Ocean First   Jul 05, 2022

We hear a lot of doom and gloom stories about how the ocean's coral populations are in serious trouble due to climate change. The good news is that there are a lot of people working hard to fight back against the odds and help restore the coral, including the people at the Coral Restoration Foundation (CRF) in St. Croix. In May of 2018, Ocean First and a group of divers led by Mark Duvall traveled to the Caribbean island to put their scuba skills to use doing hands-on volunteer work for CRF.

Propagating coral is a lot like propagating plants: when done correctly, living coral can be fragmented into smaller pieces that are able to grow into independent coral colonies. Eventually, these colonies can be transplanted on a reef and will continue to naturally spawn. This method shaves years off the amount of time restoration takes to happen naturally, and helps kick-start a reef's recovery process.

As you can imagine, this process takes a lot of manpower, which is where volunteer divers like the ones from Ocean First come in. The type of work depends on the season and water temperature. For example, coral are actually transplanted when the water is cold cooler around 78 degrees, but when the water is warm 80 degrees and above, the coral are best left alone and instead need help keeping the algae at bay.

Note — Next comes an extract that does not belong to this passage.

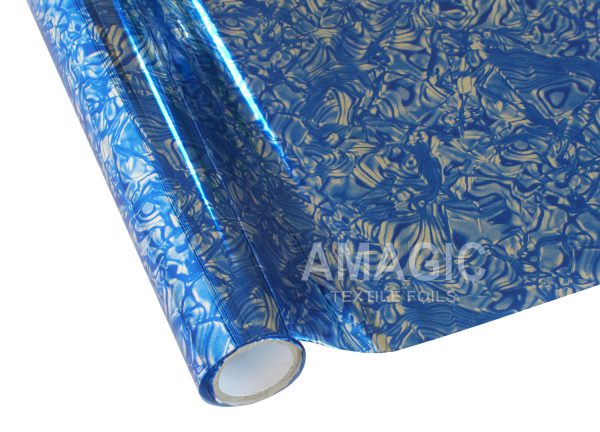 AMagic Specialty B0AC01 Marble Heat Transfer Foil - Create Shiny Metallic Designs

After an orientation classes with Lisa, our volunteer divers were set off to task cleaning the coral trees with brushes, 3m scrubber pads and picks.

In between these volunteer diving sessions, our divers had the chance to fit in some recreational dives. During these dives the volunteers were able to see many places where the corals had been reestablished and were growing at a very rapid rate. They were also able to see large numbers of sharks, wrecks and turtles. While diving, they witnessed the destruction of last year's hurricanes and the devastation it caused for the reefs, which only reinforced the importance of the work being done at CRF.

The experience with the coral restoration work was incredibly positive and empowering for everyone involved, and this is just the start. We plan to regularly return to the site and check in on the coral we help reestablish, which will give us the unique opportunity to measure the real impact that a group of divers can have on the ocean.